▸ **What the exercise asks**: Starting at the line with "Set 2ks keramických" and ending at the line with "Pièces détachées pour", print exactly the lines of the entries below. Pictures do not belong in the copy.

▸ **Supplied records**:

....................

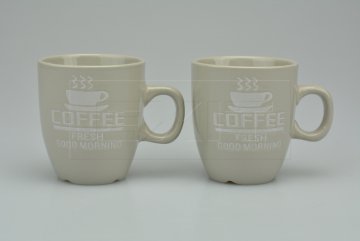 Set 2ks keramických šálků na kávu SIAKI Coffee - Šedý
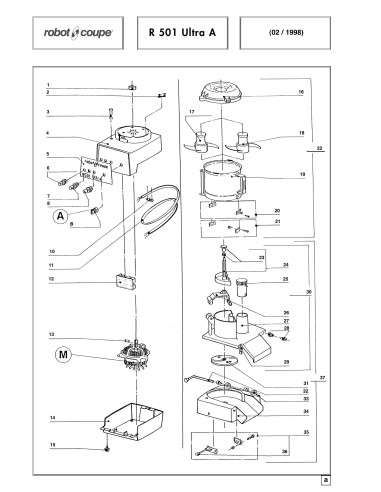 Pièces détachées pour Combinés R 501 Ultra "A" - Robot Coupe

....................

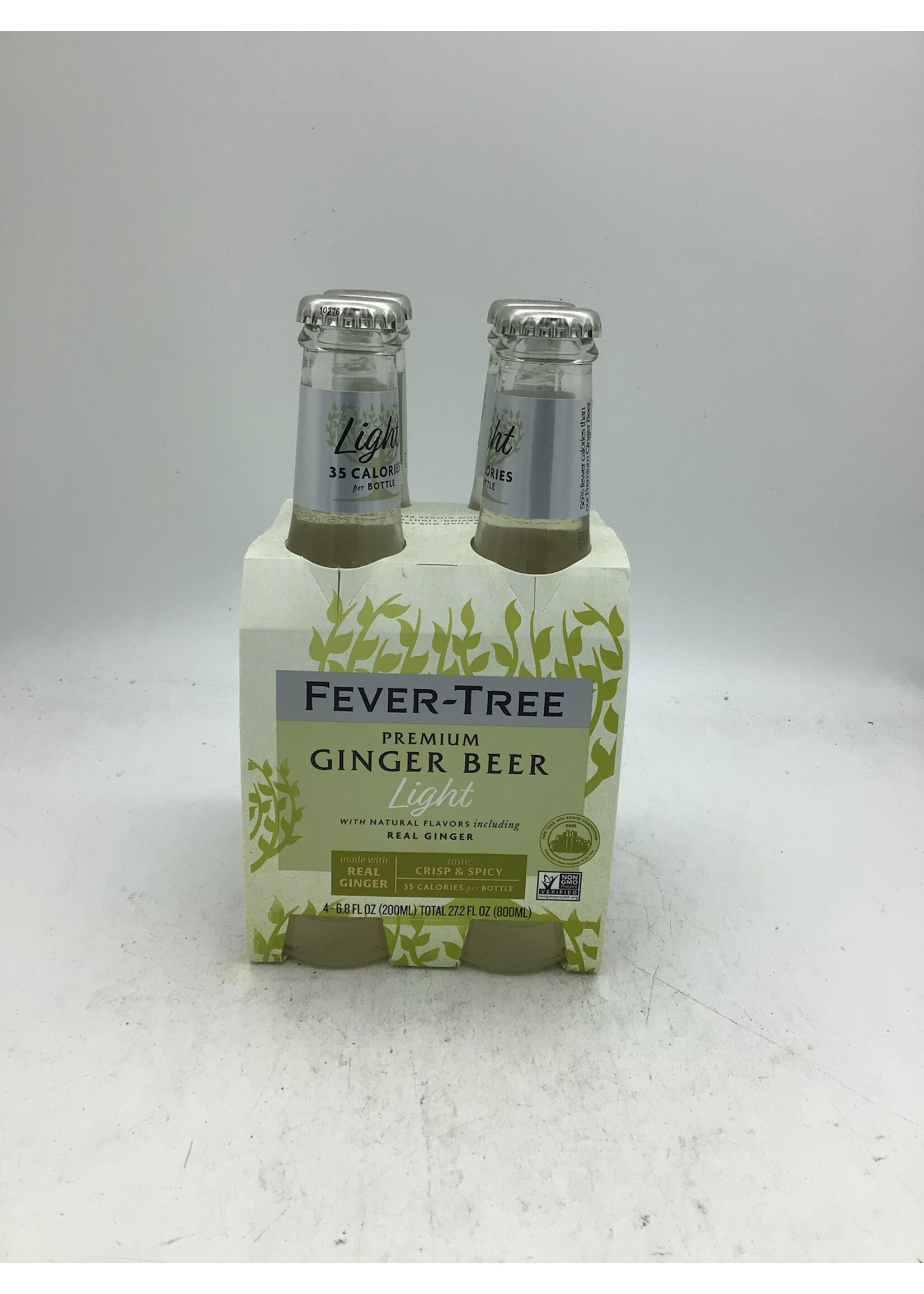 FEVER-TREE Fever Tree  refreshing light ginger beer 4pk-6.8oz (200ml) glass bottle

....................

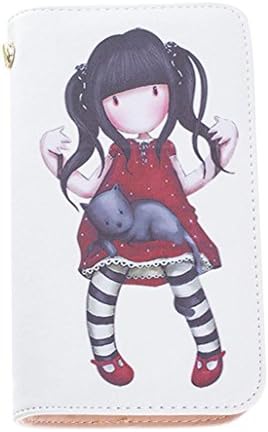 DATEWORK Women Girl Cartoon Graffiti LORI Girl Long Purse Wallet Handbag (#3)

....................

▸ **Solved problem**:
 Set 2ks keramických šálků na kávu SIAKI Coffee - Šedý
 Pièces détachées pour Combinés R 501 Ultra "A" - Robot Coupe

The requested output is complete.